*TASK DETAILS*:
Every line below from the one containing "Grande trousse en velours côtelé vert" through the one containing "créer une liste" is to be printed exactly, with the pictures omitted.

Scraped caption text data
※
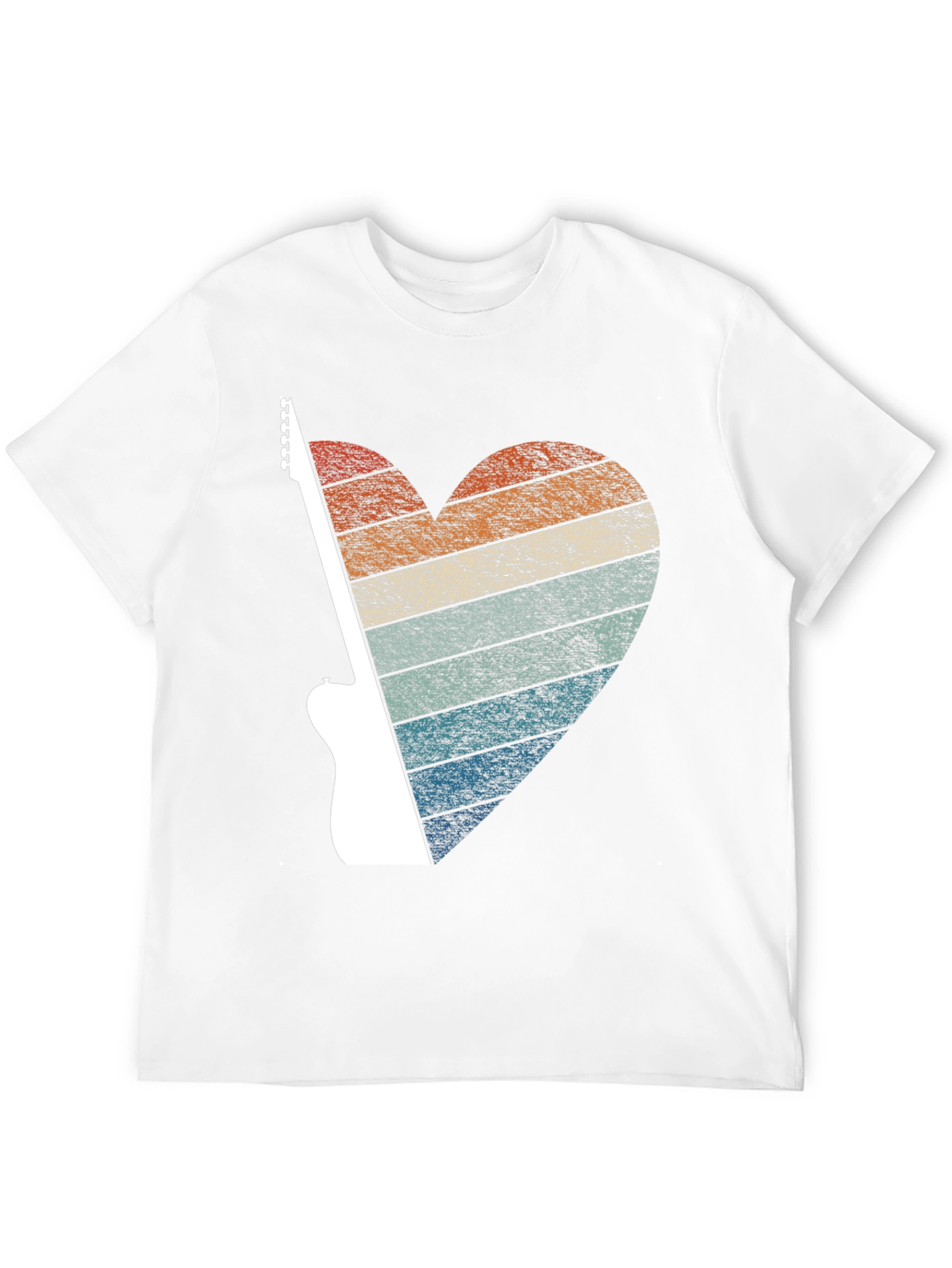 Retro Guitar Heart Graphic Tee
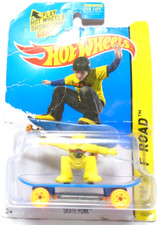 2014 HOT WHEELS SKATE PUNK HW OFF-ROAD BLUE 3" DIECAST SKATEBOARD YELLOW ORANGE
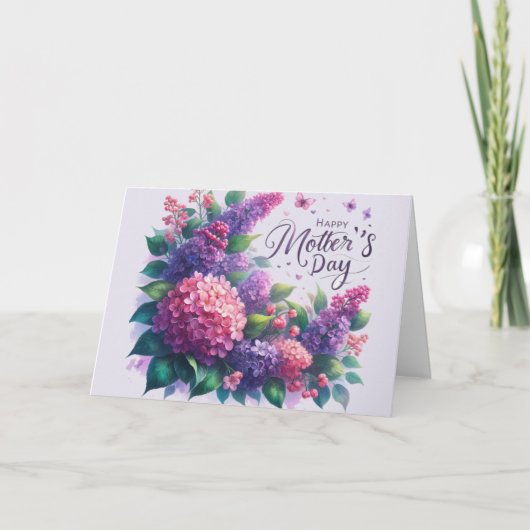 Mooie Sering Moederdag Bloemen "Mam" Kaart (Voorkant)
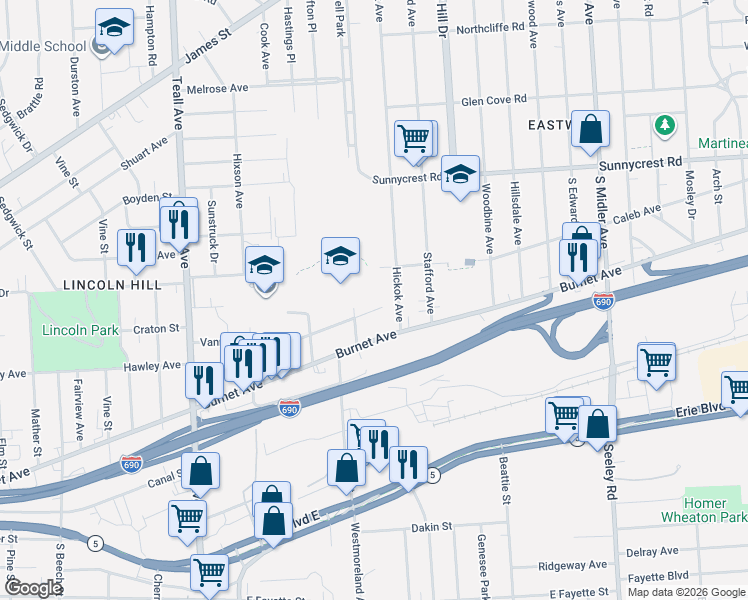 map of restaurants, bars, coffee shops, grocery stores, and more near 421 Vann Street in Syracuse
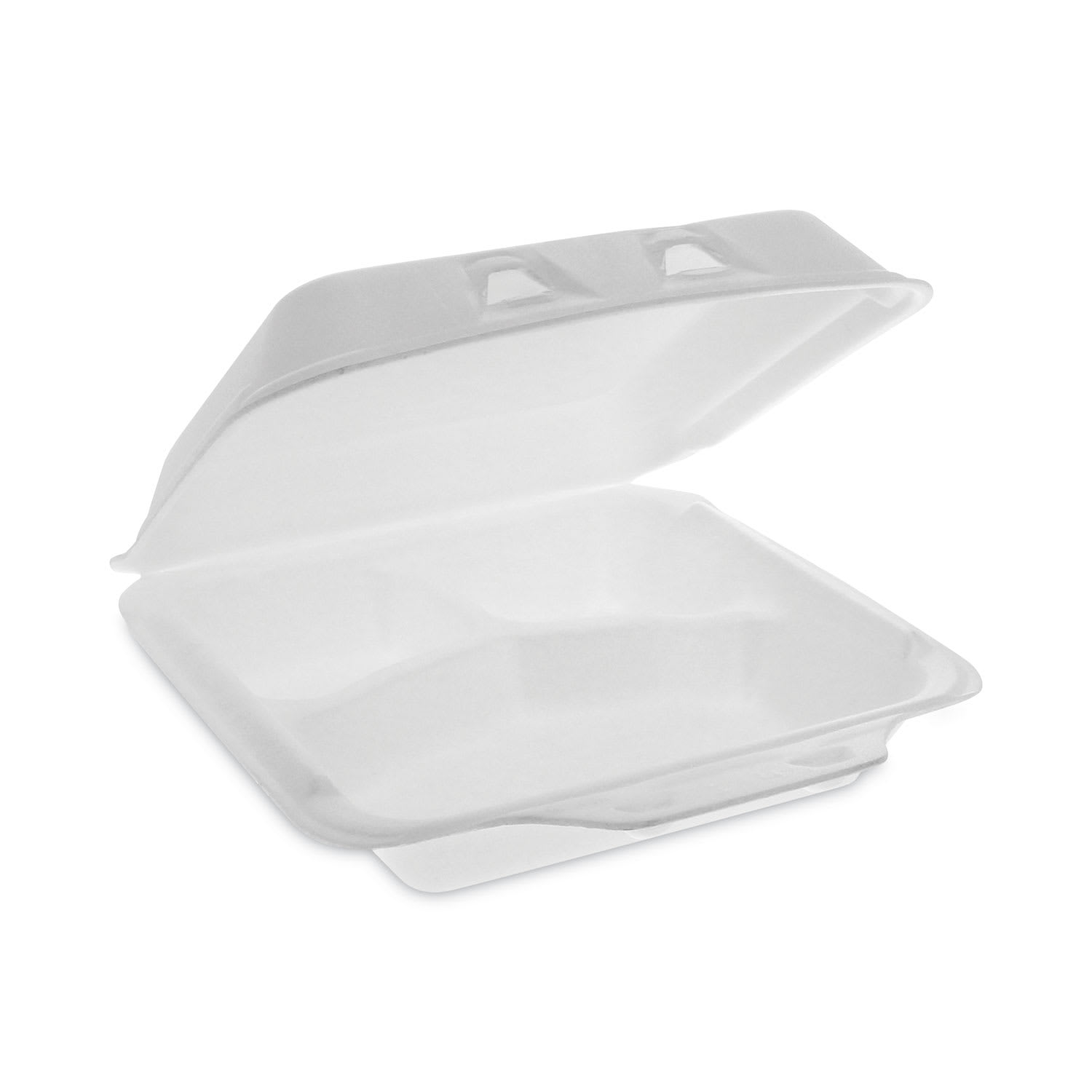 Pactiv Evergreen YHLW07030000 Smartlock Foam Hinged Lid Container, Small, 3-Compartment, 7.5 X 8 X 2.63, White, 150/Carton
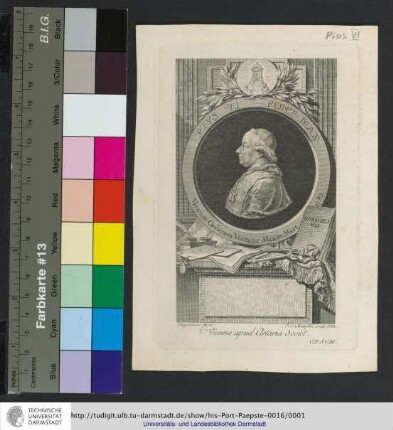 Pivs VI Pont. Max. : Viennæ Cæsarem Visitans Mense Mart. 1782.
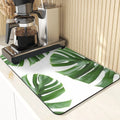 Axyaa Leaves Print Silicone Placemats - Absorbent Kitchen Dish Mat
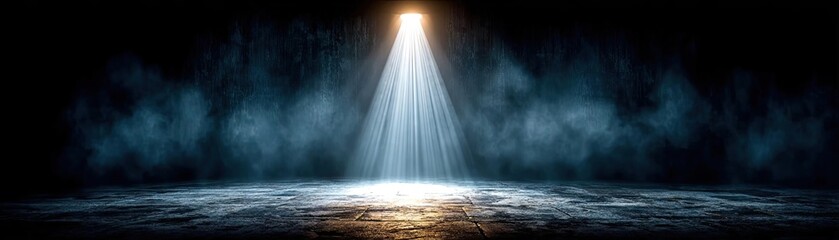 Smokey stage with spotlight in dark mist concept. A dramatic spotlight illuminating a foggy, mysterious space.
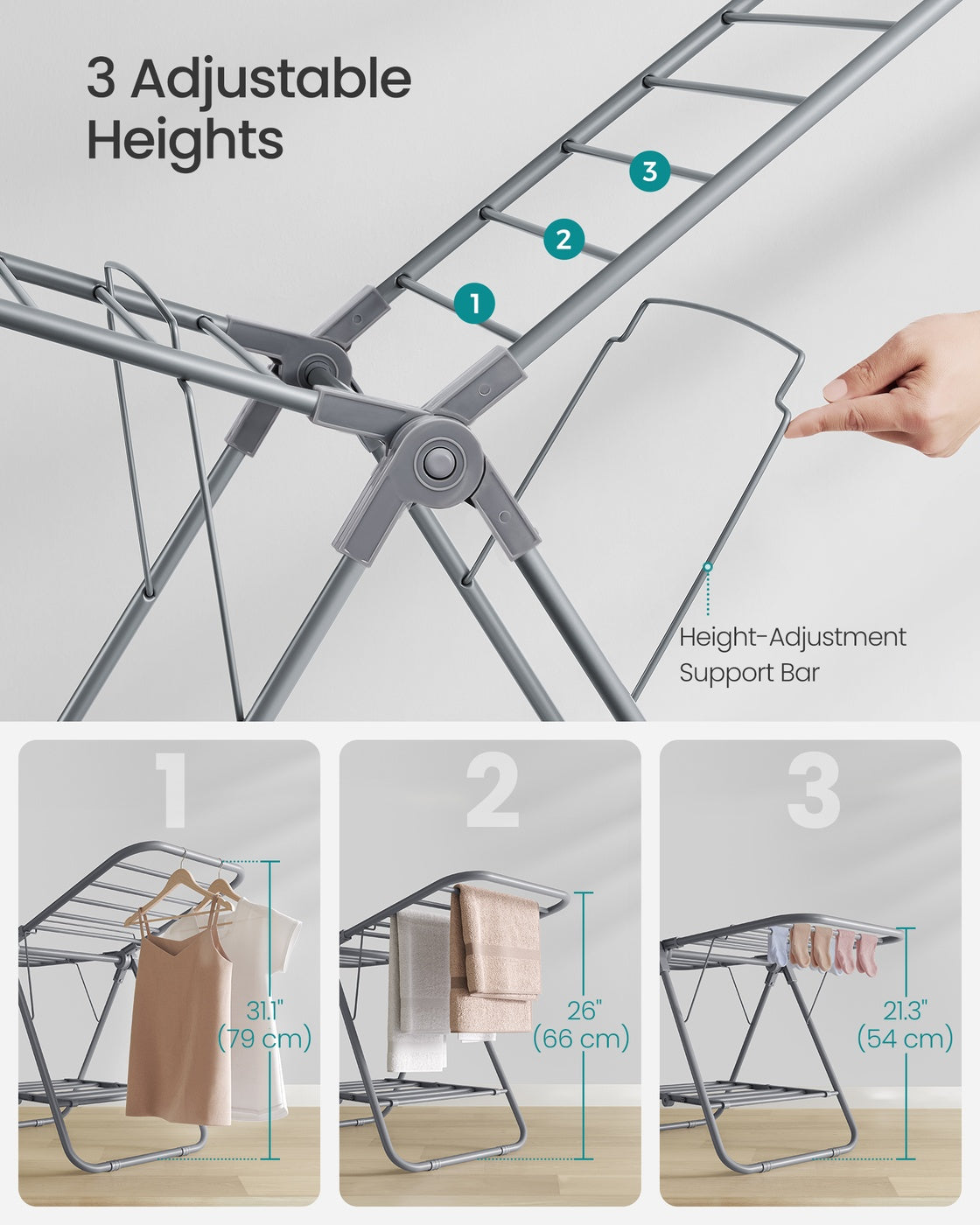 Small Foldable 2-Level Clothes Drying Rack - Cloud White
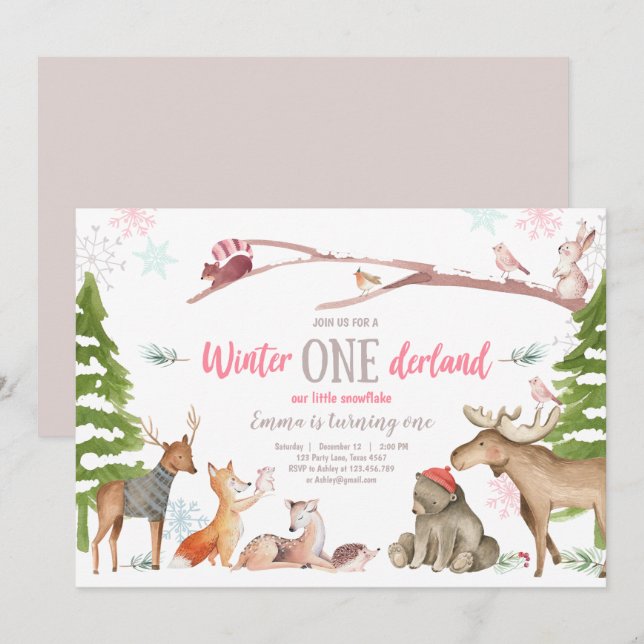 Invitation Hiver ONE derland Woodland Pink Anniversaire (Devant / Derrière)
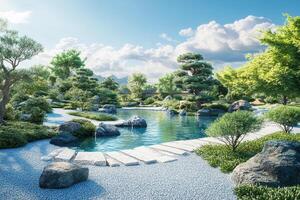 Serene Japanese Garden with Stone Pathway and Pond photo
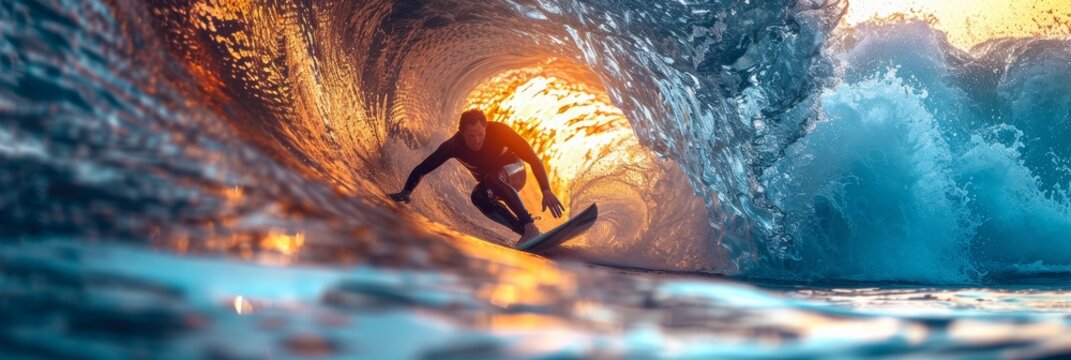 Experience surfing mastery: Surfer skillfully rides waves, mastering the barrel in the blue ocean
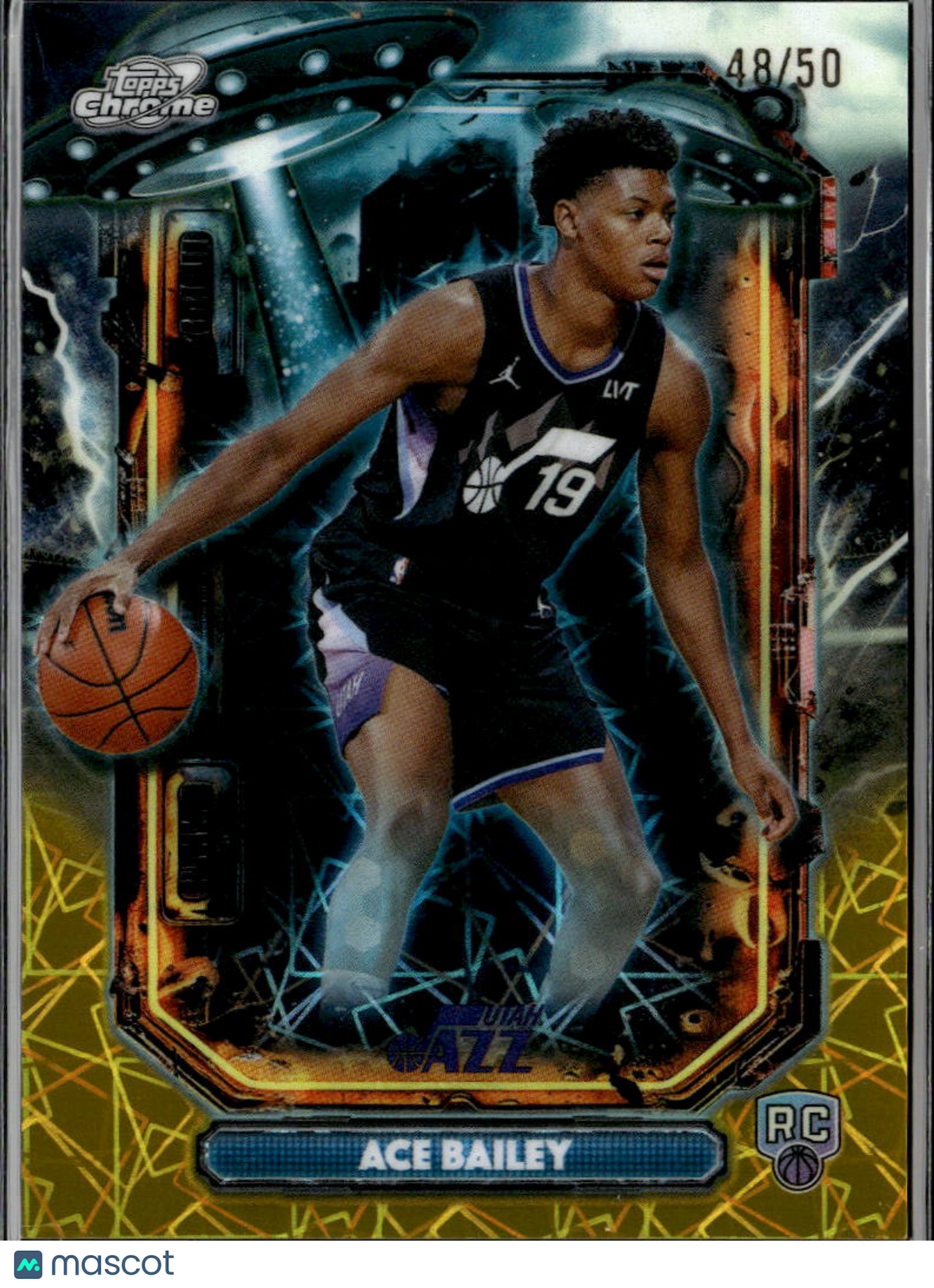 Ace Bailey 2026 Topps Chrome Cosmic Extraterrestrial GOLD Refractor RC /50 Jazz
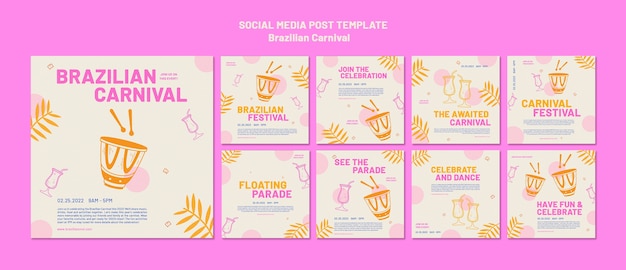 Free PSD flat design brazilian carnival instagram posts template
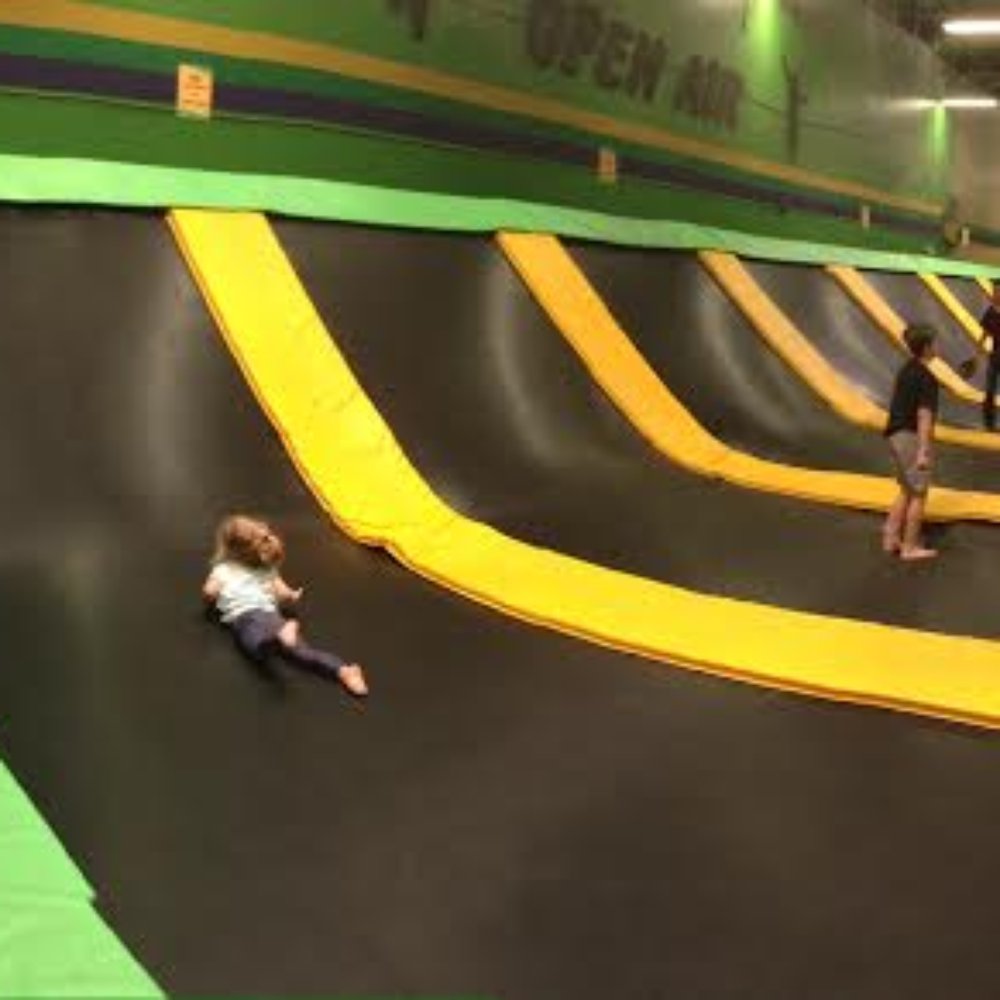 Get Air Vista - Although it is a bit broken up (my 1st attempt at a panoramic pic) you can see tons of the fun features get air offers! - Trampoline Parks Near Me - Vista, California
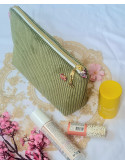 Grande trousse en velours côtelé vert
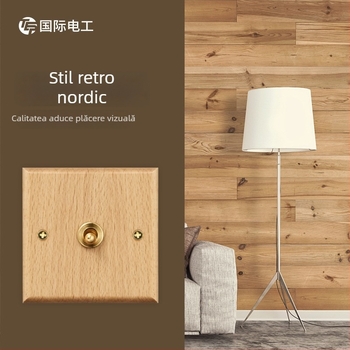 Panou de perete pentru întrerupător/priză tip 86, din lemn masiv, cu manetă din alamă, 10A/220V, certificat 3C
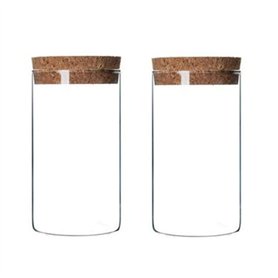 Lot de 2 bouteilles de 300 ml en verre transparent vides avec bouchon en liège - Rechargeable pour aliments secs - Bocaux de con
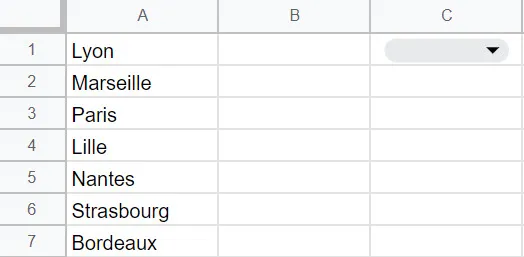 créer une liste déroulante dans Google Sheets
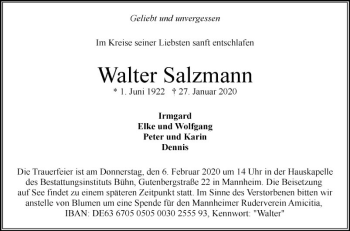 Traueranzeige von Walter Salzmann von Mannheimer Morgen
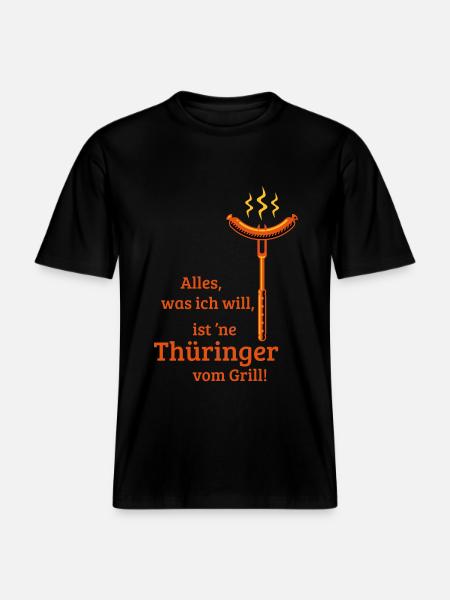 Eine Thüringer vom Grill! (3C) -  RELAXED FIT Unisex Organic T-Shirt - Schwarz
※
*TASK ANSWER*:
 Grande trousse en velours côtelé vert
 Panou de perete pentru întrerupător/priză tip 86, din lemn masiv, cu manetă din alamă, 10A/220V, certificat 3C
 Lot de 2 bouteilles de 300 ml en verre transparent vides avec bouchon en liège - Rechargeable pour aliments secs - Bocaux de con
 créer une liste déroulante dans Google Sheets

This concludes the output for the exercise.